#### Exercise details:
How do the records below read from their first line through the line containing "4 bedroom detached"? Write those lines out exactly.

++++ Exercise material

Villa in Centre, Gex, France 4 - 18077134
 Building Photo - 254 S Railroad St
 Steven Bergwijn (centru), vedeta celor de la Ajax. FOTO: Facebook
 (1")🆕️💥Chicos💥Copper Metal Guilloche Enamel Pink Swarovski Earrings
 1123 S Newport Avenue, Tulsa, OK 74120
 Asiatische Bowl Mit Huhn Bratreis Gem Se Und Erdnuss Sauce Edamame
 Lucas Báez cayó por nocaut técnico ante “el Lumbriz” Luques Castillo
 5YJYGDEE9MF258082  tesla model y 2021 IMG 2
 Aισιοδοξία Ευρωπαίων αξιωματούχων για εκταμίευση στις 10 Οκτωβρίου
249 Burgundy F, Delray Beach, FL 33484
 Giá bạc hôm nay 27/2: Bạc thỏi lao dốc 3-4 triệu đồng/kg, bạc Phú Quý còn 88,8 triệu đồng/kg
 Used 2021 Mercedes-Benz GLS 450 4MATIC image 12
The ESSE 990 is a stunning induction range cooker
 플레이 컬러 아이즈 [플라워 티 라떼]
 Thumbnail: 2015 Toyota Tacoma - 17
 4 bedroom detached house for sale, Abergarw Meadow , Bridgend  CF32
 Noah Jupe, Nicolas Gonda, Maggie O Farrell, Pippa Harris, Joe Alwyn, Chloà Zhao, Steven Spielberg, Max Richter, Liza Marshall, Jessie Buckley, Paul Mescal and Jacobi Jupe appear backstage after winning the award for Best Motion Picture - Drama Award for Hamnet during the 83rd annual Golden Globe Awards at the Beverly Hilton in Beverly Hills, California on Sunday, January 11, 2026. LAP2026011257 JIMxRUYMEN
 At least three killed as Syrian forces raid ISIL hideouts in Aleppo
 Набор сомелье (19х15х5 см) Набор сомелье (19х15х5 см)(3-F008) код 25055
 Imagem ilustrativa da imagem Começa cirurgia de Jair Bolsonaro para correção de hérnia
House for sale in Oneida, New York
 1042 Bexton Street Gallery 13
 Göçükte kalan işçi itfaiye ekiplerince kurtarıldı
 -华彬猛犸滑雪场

++++++++

#### Response to the task:
Villa in Centre, Gex, France 4 - 18077134
 Building Photo - 254 S Railroad St
 Steven Bergwijn (centru), vedeta celor de la Ajax. FOTO: Facebook
 (1")🆕️💥Chicos💥Copper Metal Guilloche Enamel Pink Swarovski Earrings
 1123 S Newport Avenue, Tulsa, OK 74120
 Asiatische Bowl Mit Huhn Bratreis Gem Se Und Erdnuss Sauce Edamame
 Lucas Báez cayó por nocaut técnico ante “el Lumbriz” Luques Castillo
 5YJYGDEE9MF258082  tesla model y 2021 IMG 2
 Aισιοδοξία Ευρωπαίων αξιωματούχων για εκταμίευση στις 10 Οκτωβρίου
249 Burgundy F, Delray Beach, FL 33484
 Giá bạc hôm nay 27/2: Bạc thỏi lao dốc 3-4 triệu đồng/kg, bạc Phú Quý còn 88,8 triệu đồng/kg
 Used 2021 Mercedes-Benz GLS 450 4MATIC image 12
The ESSE 990 is a stunning induction range cooker
 플레이 컬러 아이즈 [플라워 티 라떼]
 Thumbnail: 2015 Toyota Tacoma - 17
 4 bedroom detached house for sale, Abergarw Meadow , Bridgend  CF32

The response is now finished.